Nach vier Trainerwechseln in vier Jahren hatte Sellin-Vorgänger Hartmut Mayerhoffer erst im Sommer 2023 übernommen und sollte endlich für Konstanz sorgen. Nach der Trennung von Mayerhoffer im April dieses Jahres wurde Johannes Sellin dann zum Chefcoach befördert. Nun erwischt es den Handball-Europameister von 2016.
Schon das Ende der letzten Saison war nicht überzeugend. Mit der Sommer-Vorbereitung waren die HCE-Verantwortlichen dann ebenfalls nicht zufrieden. Die Posse um Manuel Zehnder trug auch nicht gerade zur Beruhigung der Lage bei. Schlüsselspieler wie Spielmacher Nico Büdel fehlten lange Zeit verletzt. Der Zehnder- und eigentlich auch Büdel-Ersatz (so war es nach dessen Verletzung jedenfalls geplant) Marko Bezjak hing wochenlang in der Luft, bis es dann kürzlich Klarheit für die Magdeburger Legende und den HC Erlangen gab.
Auf dem Feld? Da ist Erlangen katastrophal in die neue Bundesliga-Spielzeit gestartet. Während der Auftritt in Flensburg durch die folgenden Leistungen der SG zumindest ein wenig eingefangen wurde, enttäuschte das Sellin-Team auch im Heimspiel gegen Eisenach. Gegen Stuttgart steigerten sich die Mittelfranken und verloren letztlich auf sehr unglückliche Art und Weise. In Berlin hielt der HCE zumindest kämpferisch (einigermaßen) gut dagegen. Unter dem Strich stehen aber 0:8 Punkte und der letzte Tabellenplatz.
Also: Alles ganz logisch? Die faktische Entscheidung, Sellin von seinen Cheftrainer-Aufgaben zu entbinden, ist nicht vorwiegend das, woran sich viele Beobachter reiben. Sondern: Die Kommunikation bis dorthin.

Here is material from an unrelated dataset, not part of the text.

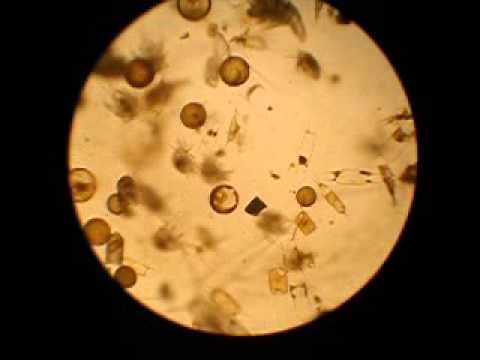 Plankton Under A Microscope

Johannes Sellin selbst hatte schon nach der Eisenach-Pleite deutliche Worte in Richtung seiner Mannschaft gerichtet. "Unser Überzahlspiel ist natürlich eine Katastrophe, daran müssen wir natürlich arbeiten. Und im Angriff muss man beim Handball auch irgendwann mal auf das Tor gehen, ansonsten wird es schwer", sagte der 33-Jährige am Dyn-Mikrofon. Er machte auch kein Geheimnis daraus, dass sein Team ihm offenbar nicht zugehört hat. "Den Zug zum Tor habe ich nicht gesehen. Das hatten wir besprochen in der Woche, anscheinend nicht genug", so Sellin.

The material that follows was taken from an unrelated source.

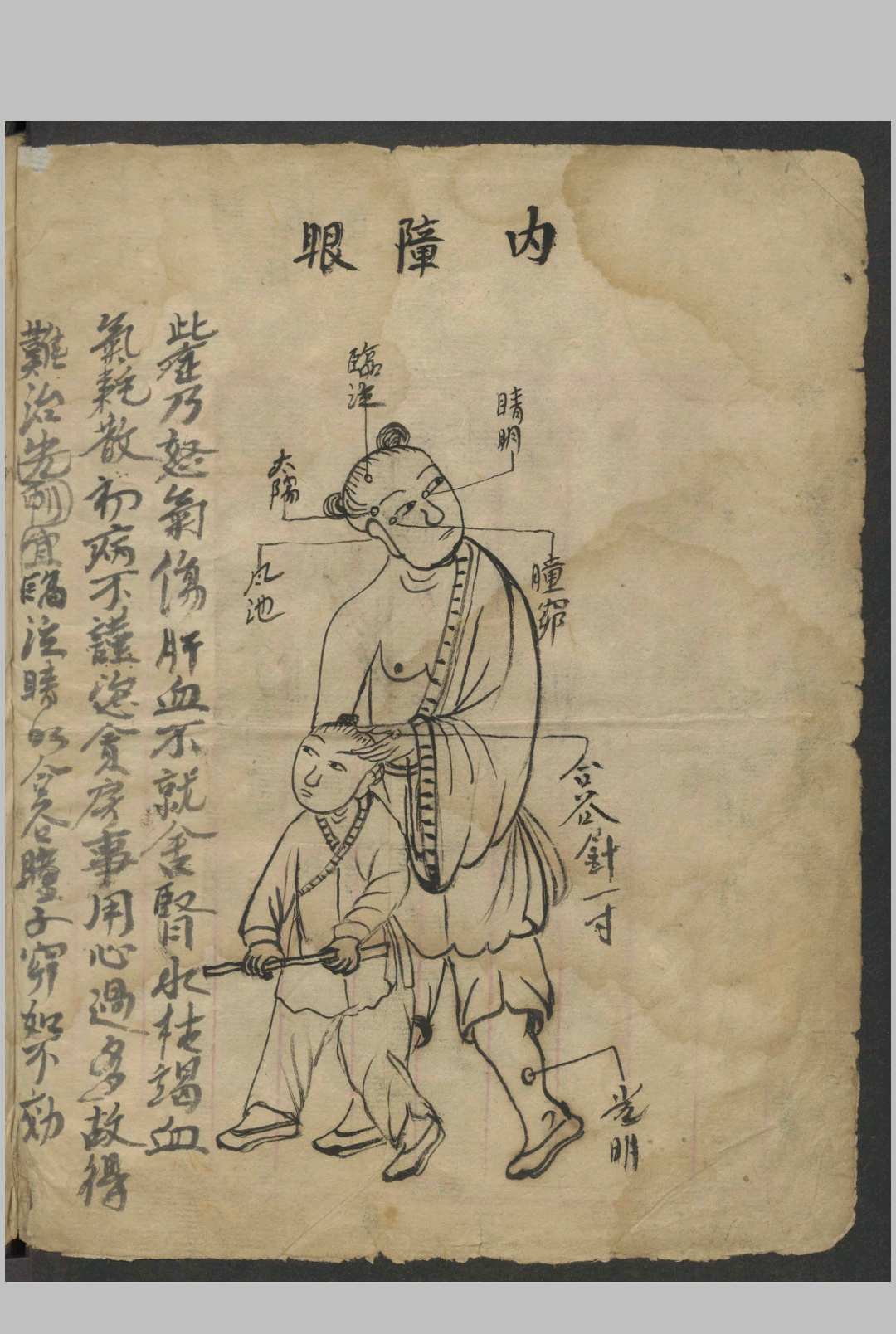 图片[2]-中华古籍网-专注古书收集绘图眼科秘方   1900-中华古籍网-专注古书收集中华古籍网-专注古书收集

Stefan Kretzschmar prangerte diese deutliche, öffentliche Kritik an. Danach hielten die Führungsspieler Büdel und Nikolai Link ("Jo hat tausendprozentige Rückendeckung") zu ihrem Trainer. Auch Geschäftsführer René Selke verteidigte Sellin. Der Präsident und Aufsichtsratschef des HC Erlangen, Carsten Bissel, sprach Johannes Sellin noch vor einer Woche das Vertrauen aus: "Wir sind von dem eingeschlagenen Weg überzeugt, und ich bin mir sicher, dass die Ergebnisse auch bald besser und die ersten Punkte geholt werden."
Jetzt ist seitdem bestimmt viel um den HCE herum passiert. Nun... der bis dato punktlose Abstiegskandidat hat beim Vize-Meister und Champions-League-Teilnehmer Füchse Berlin verloren. Nicht nur der 2016-Europameister und Ex-Erlanger Steffen Fäth empfindet das HCE-Vorgehen als "sehr merkwürdig". Das sind Fußball-Verhältnisse. Da werden derartige Treue-Bekenntnisse wie sie Bissel und Selke abgegeben haben, meist nur noch achselzuckend hingenommen.
Der HC Erlangen ist hier übrigens ebenfalls Wiederholungstäter. Auch der Mayerhoffer-Trennung war rund sechs Wochen zuvor noch ein Selke-Lob vorausgegangen. Da war die Halbwertszeit der Erlanger Rückendeckung also noch deutlich länger...
Der Klub selbst hat seine spektakuläre Kehrtwende in den ersten Sätzen seiner Pressemitteilung zum Trainerwechsel so versucht einzufangen: Es sei entscheidend gewesen, dass sich mit Schwalb "einer der erfolgreichsten und erfahrensten deutschen Handballtrainer" kurzfristig dazu bereit erklärt habe, das Amt zu übernehmen. Johannes Sellin soll übrigens im Trainerteam bleiben - in anderer Funktion logischerweise.
Bleibt für alle Beteiligten zu hoffen, dass beim HCE bald nicht mehr das größte Chaos der Liga, sondern tatsächlich mal mehr Weitsichtigkeit vorherrscht.